# OCR
This project implements OCR for the first 10 pages of a general PDF. This program will be compatiable with SQL.

### Things to Note
- to use a juypter notebook in vs code through uv, you must do these things:
    - uv init the project
    - create a venv
    - uv add --dev ipykernel
    - in vs code when selecting a kernel for the notebook, select pyhton then your venv
- Using `easyocr`
    - in order to read pdf documents, I've had to using the package pdf2image which requires poppler binary files which are attached in this project
    - this introduces system a system depency with the bin files
    - also I've been experiencing some crashing on my computer due to the model running on my cpu I think
    - I have a gpu though I'm not exactly sure how to get it to run on there
    - it would be most ideal if I could use google colabs gpus (I already have an account with them)
    - using easyocr automatically uses a cpu version of torch, even tried to uninstall easyocr and download a cuda 12.6 torch version
      but "uv add easyocr" deletes gpu version and reinstalls cpu version

### Next Steps
- increase computation speed (switch to gpu)
- visualize which words are read on pdf (box detected letters)
- add compatability with SQL

In [3]:
import sys
# check env
print(sys.executable)

c:\Users\dsbor\OneDrive\Desktop\Personal\Davis-PDF-Extraction\.venv\Scripts\python.exe


In [2]:
# check if gpu is there
import torch
print(torch.cuda.is_available())

False


In [None]:
# testing easyocr
import easyocr

reader = easyocr.Reader(['en'], gpu=True)
result = reader.readtext('good_ex.jpg')

for (bbox, text, prob) in result:
    print(f"Text: {text}, Probability: {prob:.4f}")

In [None]:
# testing pdf to image conversion
from pdf2image import convert_from_path
import easyocr
import numpy as np

pages = convert_from_path('HW3-1.pdf', poppler_path=r'poppler_bin', first_page=1, last_page=10)

reader = easyocr.Reader(['en'], gpu=True)

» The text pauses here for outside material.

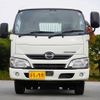 hino dutro 2018 -HINO--Hino Dutoro TKG-XZU620T--XZU620-0015371---HINO--Hino Dutoro TKG-XZU620T--XZU620-0015371- image 7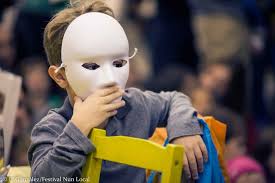 Festival Nun Local: Magia, música y teatro en el Casco Vello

for i, page_image in enumerate(pages, start=1):
    # convert PIL image to np array
    img_np = np.array(page_image)

    result = reader.readtext(img_np)

    print(f"\n--- Text on page {i} ---")
    for bbox, text, prob in result:
        #print(f'Text: {text}, Probability: {prob:.4f}')
        print(f"{text}")

In [None]:
# putting it all together and boxing and saving what is reconginzed
from pdf2image import convert_from_path
import easyocr
import numpy as np
import cv2

pages = convert_from_path('example.pdf', poppler_path=r'poppler_bin', first_page=1, last_page=10)

reader = easyocr.Reader(['en'], gpu=True)

for i, page_image in enumerate(pages, start=1):
    
    img_np = np.array(page_image)
    img_cv = cv2.cvtColor(img_np, cv2.COLOR_RGB2BGR)

    result = reader.readtext(img_np)

    for bbox, text, prob in result:
        
        pts = np.array(bbox, dtype=np.int32)
        cv2.polylines(img_cv, [pts], isClosed=True, color=(0, 255, 0), thickness=2)

        top_left = tuple(pts[0])
        cv2.putText(img_cv, text, (top_left[0], top_left[1]-5),
                    cv2.FONT_HERSHEY_SIMPLEX, 0.5, (0, 0, 255), 1, cv2.LINE_AA)

    cv2.imwrite(f'page_{i}_boxed.png', img_cv)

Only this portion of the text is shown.